Varnish Software has made a vivid video to demonstrate what is Varnish and how it makes the web fly.
Installation
There are two ways of installing it, package manager or compiling from the source.
Install by package manager
For Linux distributions, follow the guide on Varnish Official Download page, for Mac, simply run brew install varnish
.
Compiling from source
Varnish relies on latest version GNU M4, autoconf, automake and libtool, so download them from GNU mirrors and compile/make them one by one:
For each ["M4", "autoconf", "automake", "libtool"] do:
curl -O http://mirrors.kernel.org/gnu/m4/m4-latest.tar.gz
cd m4-1.4.16/
./configure --prefix=/usr/local
make && sudo make install
Then download source from Varnish Official Download page, and install Varnish:
cd varnish-3.0.3
$ ./autogen.sh$ ./configure
make
sudo make install
For me, I miraculously forgot the existence of Homebrew and spent 1 hour in compiling from source...
Make it work!
I have a Rails 3 website running at http://localhost:3000, I can simply run:
sudo varnishd -a :80 -b http://localhost:3000 -s file,/tmp,500M -T localhost:6082
Arguments explanation (we can always run varnishd --help
):
- -a Binding address
- -b Backend server addr
- -s Backend storage specification
- -T Telnet addr(Management interface), e.g. -T localhost:6082
- -F Run in Foreground, see runtime log from the terminal
This will cache all GET/HEAD requests for the all the resources, we can simply setup a Varnish in front of our static file server, to benefit huge performance improve.
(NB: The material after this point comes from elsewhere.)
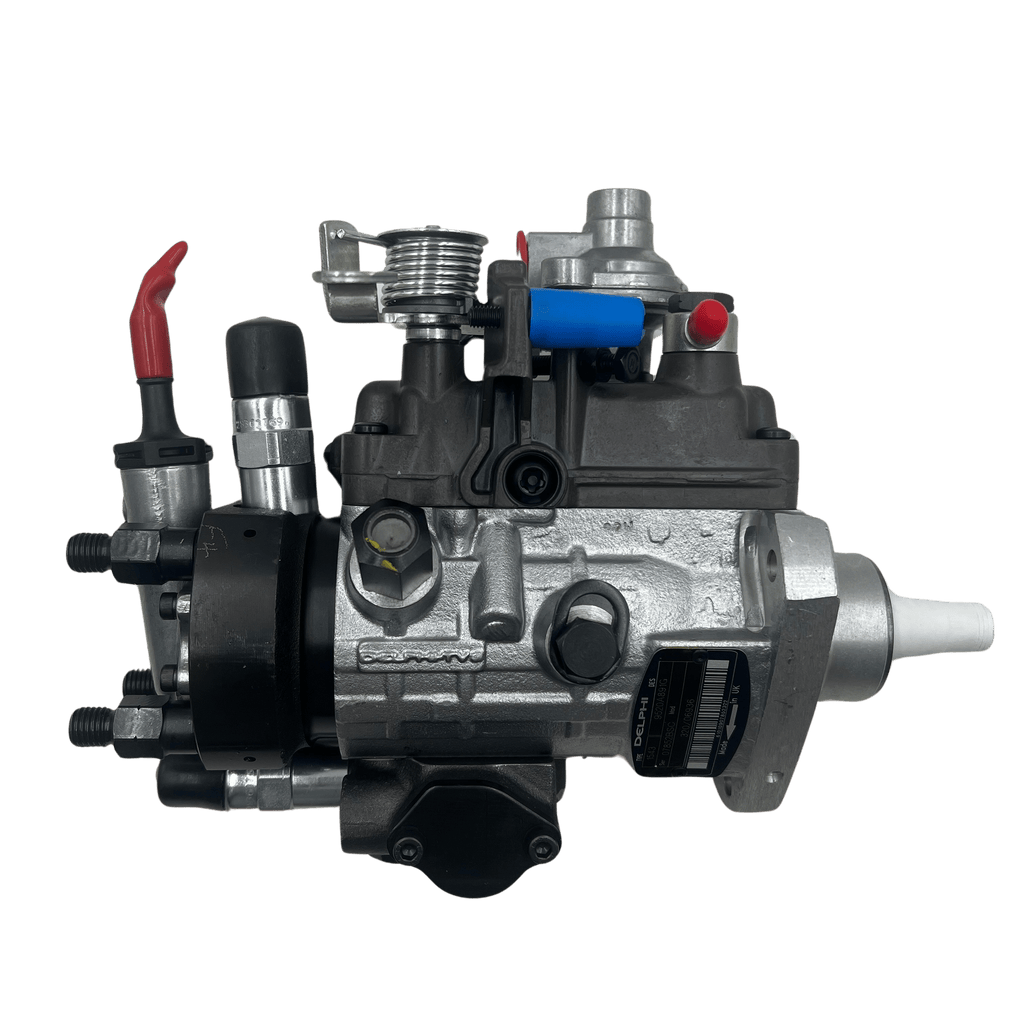 9520A700TDR New Delphi Injection Pump fits Diesel Engine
However, we need deal with two typical scenarios since our website is dynamic:
- Some resources should be cached, however they could be updated sometime, then the cache needs rebuilt. Simply run varnish in the above way will NOT achieve this!
- Most of my website functionalities require user logging in. If I simply run a varnish, then there is no security at all, all the sensitive data was cached by Varnish, this is not acceptable!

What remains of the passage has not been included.